- Genre: Documentary
- Created by: Leon Logothetis
- Directed by: Nicholas Dimitropoulos
- Presented by: Leon Logothetis
- Original language: English
- No. of seasons: 3
- No. of episodes: 36+

Production
- Running time: 24 minutes
- Production company: Shankly Productions

Original release
- Release: 2006 – 2008

= Amazing Adventures of a Nobody =

Reality-travel TV series (2006-2008)

Amazing Adventures of a Nobody is a travel docuseries that follows Leon Logothetis, the presenter and creator, across three seasons as he travels the United States, United Kingdom, and Europe on $5, £5, and €5 a day, respectively. This must cover his food, accommodation, and travel and he is required to pass checkpoints in certain cities. He cannot not stay in one place for longer than 24 hours and any remaining money from the previous day will not roll over. He also will not stay in any homeless shelters so as not to take up a bed someone else might need. Though he can work for and accept goods, he is not allowed to accept money directly.

In the United States, Logothetis starts at Times Square in New York City and finishes at the Hollywood Sign in Los Angeles. Two additional seasons followed: one in his native UK and one in Europe. In the UK, he starts from his home in West London, goes up to Scotland, then returns to London via Wales and the West Country. In Europe, he travels from the Eiffel Tower in Paris to the Red Square in Moscow.

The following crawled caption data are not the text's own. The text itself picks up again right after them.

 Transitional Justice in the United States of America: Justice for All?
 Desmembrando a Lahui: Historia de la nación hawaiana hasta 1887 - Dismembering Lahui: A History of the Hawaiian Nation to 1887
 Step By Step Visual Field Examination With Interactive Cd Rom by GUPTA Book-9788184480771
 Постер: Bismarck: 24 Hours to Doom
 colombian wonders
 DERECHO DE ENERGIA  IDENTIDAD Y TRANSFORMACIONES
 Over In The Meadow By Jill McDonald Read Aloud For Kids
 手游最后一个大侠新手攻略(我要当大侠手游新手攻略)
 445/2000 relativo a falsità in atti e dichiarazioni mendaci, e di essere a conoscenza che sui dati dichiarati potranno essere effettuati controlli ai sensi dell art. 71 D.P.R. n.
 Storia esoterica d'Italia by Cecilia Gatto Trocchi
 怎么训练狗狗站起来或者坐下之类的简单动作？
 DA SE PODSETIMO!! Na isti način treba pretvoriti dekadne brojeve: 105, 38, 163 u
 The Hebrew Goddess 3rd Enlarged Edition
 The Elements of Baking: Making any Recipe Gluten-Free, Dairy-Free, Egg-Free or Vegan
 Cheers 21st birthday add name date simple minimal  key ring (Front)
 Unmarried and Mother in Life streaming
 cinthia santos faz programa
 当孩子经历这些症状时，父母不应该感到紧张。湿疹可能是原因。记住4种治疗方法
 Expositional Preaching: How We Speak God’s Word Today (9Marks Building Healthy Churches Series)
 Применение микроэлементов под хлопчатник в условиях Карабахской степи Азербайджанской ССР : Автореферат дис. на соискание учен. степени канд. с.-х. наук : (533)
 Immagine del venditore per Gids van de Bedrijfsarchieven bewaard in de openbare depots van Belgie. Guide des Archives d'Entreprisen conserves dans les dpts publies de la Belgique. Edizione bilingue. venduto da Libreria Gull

The American season of the show was broadcast by the Discovery Channel and National Geographic, while the European season was initially aired on Dave and later repeated on Blighty. The show has also appeared on Fox Reality Channel, Sky3, Sky Travel, Life One, and Extreme Sports Channel.

In 2011, Logothetis released a book under the same name; it focused on his personal evolution during his travels.